# Openvz Node Security Implementations?



## ultimatehostings (Sep 6, 2013)

I was just wondering what kind of security tools someone puts on a OpenVZ hardware node? Has someone been successful in configuring CSF/APF?


----------



## Francisco (Sep 6, 2013)

Don't run CSF/APF on a node.

The less iptables entries you have the better.

Solus will already plaster your node in iptables entries for bandwidth accounting.

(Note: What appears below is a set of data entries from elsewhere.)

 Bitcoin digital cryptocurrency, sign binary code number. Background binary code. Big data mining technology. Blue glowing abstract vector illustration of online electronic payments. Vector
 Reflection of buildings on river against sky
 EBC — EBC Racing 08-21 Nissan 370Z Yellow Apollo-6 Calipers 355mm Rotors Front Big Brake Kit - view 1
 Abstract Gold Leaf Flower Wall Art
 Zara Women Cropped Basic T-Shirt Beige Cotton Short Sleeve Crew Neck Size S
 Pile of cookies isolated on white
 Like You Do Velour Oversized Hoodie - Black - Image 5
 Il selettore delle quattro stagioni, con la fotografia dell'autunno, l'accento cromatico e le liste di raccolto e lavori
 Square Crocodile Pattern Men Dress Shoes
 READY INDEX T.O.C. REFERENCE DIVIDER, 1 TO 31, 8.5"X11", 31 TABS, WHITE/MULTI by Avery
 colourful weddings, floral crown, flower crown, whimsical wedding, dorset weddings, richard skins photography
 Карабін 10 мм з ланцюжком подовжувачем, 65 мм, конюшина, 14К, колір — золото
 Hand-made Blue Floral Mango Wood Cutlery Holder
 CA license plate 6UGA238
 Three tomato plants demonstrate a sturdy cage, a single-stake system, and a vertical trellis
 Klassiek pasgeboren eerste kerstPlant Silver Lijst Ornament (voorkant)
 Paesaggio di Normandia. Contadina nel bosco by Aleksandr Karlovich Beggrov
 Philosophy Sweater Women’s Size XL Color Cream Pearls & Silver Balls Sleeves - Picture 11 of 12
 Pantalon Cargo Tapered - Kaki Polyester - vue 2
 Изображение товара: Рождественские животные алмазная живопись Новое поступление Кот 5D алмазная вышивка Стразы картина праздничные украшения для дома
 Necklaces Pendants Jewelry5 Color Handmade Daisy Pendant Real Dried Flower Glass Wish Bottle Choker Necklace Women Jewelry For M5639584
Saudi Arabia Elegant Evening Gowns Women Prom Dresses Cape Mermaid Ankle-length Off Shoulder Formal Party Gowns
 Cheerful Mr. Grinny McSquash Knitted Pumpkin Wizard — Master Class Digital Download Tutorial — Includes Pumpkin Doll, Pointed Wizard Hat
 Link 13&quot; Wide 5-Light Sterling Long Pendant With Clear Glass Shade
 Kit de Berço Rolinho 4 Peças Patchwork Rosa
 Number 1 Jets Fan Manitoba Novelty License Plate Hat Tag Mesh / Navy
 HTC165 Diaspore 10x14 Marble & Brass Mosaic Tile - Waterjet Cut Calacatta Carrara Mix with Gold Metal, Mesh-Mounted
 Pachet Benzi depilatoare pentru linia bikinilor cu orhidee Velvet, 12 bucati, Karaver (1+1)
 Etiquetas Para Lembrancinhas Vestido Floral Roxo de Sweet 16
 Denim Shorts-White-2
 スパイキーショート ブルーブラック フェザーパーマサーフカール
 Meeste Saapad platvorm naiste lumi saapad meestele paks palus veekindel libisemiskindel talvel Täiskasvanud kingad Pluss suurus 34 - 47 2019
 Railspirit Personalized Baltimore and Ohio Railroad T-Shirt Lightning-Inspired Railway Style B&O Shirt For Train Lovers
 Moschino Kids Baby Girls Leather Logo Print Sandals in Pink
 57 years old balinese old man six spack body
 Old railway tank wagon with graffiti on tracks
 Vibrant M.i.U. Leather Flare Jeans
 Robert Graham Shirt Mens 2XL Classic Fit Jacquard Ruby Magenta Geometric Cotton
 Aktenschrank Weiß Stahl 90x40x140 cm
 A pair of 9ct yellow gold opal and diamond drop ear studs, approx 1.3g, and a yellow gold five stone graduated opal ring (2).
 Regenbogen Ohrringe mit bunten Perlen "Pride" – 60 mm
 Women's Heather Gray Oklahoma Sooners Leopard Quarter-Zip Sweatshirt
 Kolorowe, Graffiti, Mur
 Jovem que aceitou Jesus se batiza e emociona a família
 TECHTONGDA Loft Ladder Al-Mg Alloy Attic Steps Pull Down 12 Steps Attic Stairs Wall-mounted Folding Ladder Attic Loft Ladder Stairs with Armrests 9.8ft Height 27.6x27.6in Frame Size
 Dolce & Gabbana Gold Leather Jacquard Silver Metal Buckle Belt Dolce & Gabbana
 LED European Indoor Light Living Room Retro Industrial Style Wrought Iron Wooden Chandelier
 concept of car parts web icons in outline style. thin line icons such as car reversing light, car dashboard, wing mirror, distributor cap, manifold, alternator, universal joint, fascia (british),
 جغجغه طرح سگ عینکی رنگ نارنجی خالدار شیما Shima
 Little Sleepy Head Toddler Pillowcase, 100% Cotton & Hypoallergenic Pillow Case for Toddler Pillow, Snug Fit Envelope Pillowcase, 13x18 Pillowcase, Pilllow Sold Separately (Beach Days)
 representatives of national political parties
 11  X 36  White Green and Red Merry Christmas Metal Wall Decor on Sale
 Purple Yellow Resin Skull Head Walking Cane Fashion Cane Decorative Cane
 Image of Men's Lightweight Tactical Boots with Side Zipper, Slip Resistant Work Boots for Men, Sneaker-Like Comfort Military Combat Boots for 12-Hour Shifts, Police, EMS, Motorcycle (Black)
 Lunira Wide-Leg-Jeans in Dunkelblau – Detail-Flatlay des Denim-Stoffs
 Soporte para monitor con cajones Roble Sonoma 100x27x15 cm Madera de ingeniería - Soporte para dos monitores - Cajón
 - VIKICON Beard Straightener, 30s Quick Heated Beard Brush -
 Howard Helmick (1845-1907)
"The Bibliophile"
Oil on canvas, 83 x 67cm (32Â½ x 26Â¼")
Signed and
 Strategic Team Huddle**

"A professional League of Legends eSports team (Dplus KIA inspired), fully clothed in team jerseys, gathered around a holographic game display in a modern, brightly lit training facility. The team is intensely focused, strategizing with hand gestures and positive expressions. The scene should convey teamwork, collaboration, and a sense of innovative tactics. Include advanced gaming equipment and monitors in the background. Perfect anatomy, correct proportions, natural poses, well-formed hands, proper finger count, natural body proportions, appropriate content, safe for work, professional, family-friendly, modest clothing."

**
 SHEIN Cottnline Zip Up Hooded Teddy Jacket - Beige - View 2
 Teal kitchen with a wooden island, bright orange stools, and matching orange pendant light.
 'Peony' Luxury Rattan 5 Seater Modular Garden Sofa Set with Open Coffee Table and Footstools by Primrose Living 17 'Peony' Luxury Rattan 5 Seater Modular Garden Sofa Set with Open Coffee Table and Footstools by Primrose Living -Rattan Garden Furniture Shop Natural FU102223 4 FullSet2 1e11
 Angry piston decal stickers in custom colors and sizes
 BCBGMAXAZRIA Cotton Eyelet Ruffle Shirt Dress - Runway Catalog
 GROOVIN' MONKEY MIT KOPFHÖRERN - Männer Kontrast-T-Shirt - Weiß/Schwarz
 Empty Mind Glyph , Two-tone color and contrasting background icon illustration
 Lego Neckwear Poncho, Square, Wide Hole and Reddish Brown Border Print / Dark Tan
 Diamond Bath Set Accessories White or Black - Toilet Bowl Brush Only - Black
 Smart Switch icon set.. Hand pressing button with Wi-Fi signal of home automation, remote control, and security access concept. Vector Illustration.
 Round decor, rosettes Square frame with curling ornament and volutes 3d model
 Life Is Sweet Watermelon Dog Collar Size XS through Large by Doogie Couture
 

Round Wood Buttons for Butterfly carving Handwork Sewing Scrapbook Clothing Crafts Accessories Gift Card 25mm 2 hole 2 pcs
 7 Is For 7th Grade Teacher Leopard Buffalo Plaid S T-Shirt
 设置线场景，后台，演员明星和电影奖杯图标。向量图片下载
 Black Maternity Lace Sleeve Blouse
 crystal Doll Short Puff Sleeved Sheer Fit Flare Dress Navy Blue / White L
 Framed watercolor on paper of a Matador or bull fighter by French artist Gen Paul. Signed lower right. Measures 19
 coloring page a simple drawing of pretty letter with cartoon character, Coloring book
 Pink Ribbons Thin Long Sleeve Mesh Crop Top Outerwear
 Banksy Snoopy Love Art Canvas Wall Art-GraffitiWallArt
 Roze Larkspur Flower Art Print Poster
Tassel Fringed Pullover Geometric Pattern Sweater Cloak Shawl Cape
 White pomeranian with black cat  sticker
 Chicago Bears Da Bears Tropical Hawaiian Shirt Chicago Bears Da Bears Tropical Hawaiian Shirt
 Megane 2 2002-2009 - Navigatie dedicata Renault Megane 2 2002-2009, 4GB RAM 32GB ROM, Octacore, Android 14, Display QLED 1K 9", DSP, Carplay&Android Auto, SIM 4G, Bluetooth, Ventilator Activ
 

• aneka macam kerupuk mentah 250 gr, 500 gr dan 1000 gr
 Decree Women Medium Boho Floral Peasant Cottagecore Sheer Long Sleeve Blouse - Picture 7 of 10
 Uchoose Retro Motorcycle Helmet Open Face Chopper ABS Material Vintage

It's very much possible APF/CSF will bugger those rules up.

Francisco


----------



## ultimatehostings (Sep 6, 2013)

Francisco said:


> Don't run CSF/APF on a node.
> 
> 
> The less iptables entries you have the better.
> ...


Thanks, anyway I could get a demo login for your portal?


----------



## Francisco (Sep 6, 2013)

I'll fix up the test user a little later 

Francisco


----------



## jarland (Sep 6, 2013)

Same way you secure anything else. Key logins only, disable password login. Shut down any services that you don't need. Keep your private key secure.


----------



## HalfEatenPie (Sep 8, 2013)

jarland said:


> Same way you secure anything else. Key logins only, disable password login. Shut down any services that you don't need. Keep your private key secure.


Don't forget.  Lawyer up, Delete Facebook, Hit the Gym.


----------



## Mike (Sep 9, 2013)

Also installing CSF or APF will block the ports for the containers on an OpenVZ node as well.


----------